The only thing that I can suggest here is to take a little time to either give them some BASIC training on how the application(s) work and what they NEED to function properly OR provide a document with similar information, possibly including some kind of a "checklist" for them to go through to see if they can help themselves. A short story... long ago I was involved in automating our largest railway and we had a "Control Centre" where users across the country called when they encountered a problem. I was in the Centre one day when the guy I was talking with got a call. He listened, then the first thing he said was "Hmmm. Sounds like I'll need to get documentation on this. Please hit the paper-feed button so that our stuff will start on a new page that you can fax to me later". His next words, after a few seconds, were "That's great. Call me back if the problem happens again.". It was his way of 'telling' the caller that the machine was out of paper without sounding trite or condescending.

>
>SBT is an accounting program written by a company. It was written in old FoxPro for windows. It still works today although the copmany was bought out and now the new company wants to sell us the new accouting program they have written in another language. If it fails to run properly, they hate it that day. If it runs normal, you don't hear a word of prasie or anything else.

Again, that's the life of a programmer/support person.

>
>Most Oracle and SQL guys talk about the the Fox tables being flat tables and that they take up a lot of space. They talk about them being slow where theirs is fast. Of course I realize they are using Unix servers and I have Windows NT boxes.

I'd say that yours should still be faster (at least as fast) than theirs, though the hardware could play a big role here. You *might* benefit from some work on index optimization *IF* theirs is much faster.
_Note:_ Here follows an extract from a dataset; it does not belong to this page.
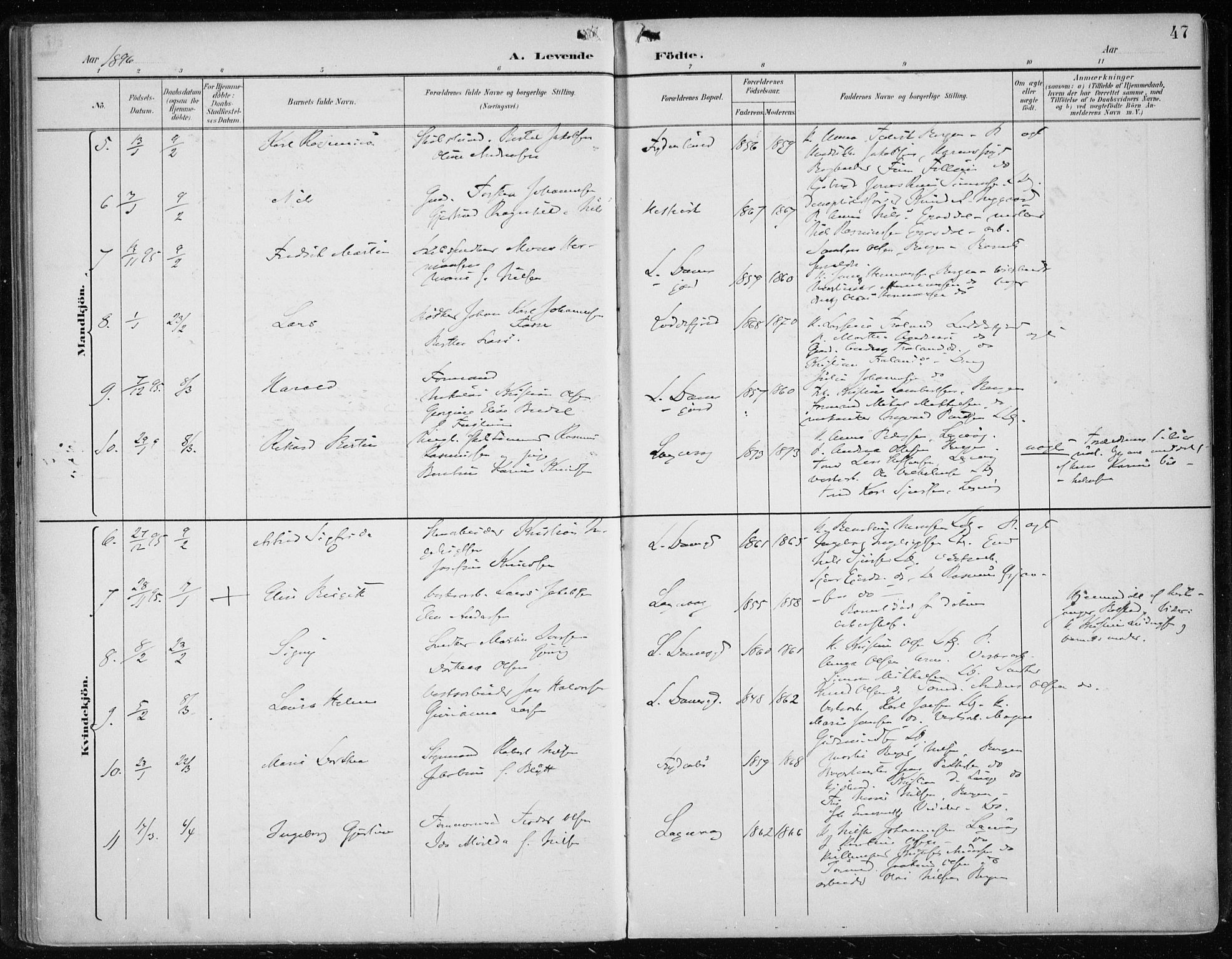 Askøy Sokneprestembete, AV/SAB-A-74101/H/Ha/Haa/Haae/L0003: Parish register (official) no. E 3, 1891-1903, p. 47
There could also be configuration issues, especially RAM, HD quality and network factors at play.
>
>I was stating that I have to buy third party Apps to use Oracle and SQL server to give the users what they want.

Yes, I had mis-read and someone else was already kind enough to straighten me out.

>
>I am quite sure you have run into the same thing. One guy in the Oracle
>group said thet users might as well be using Excel.

Yes I have. Perhaps when they mature a little more they will realize that bad-mouthing what they know little/nothing about doesn't help them in the long run.

>
>I have to say that most people I know that talk about foxpro negatively have never even used FoxPro. I mean they aren't end users nor have they used the application itself. I have never been in a position where i couldn't solve a problem using FoxPro. It usalluy solves problem faster and cheaper than any other program I have used.

When I hear particularly nasty negative comments around the ears of 'important' people I sometimes ask what it is that they find so lousy about the language. This usually informs the hearer that the criticism is weak and hearsay and unfounded from experience.

>
>I also need to add that now that I am in the SQL Server world, I find them bad mouthing oracle. I guess it all comes down to your preference and what you have been exposed to.

Such is human nature. Slowly, most of us learn that bad mouthing doesn't offer much in the way of progress.

cheers, and don't let them grind you down.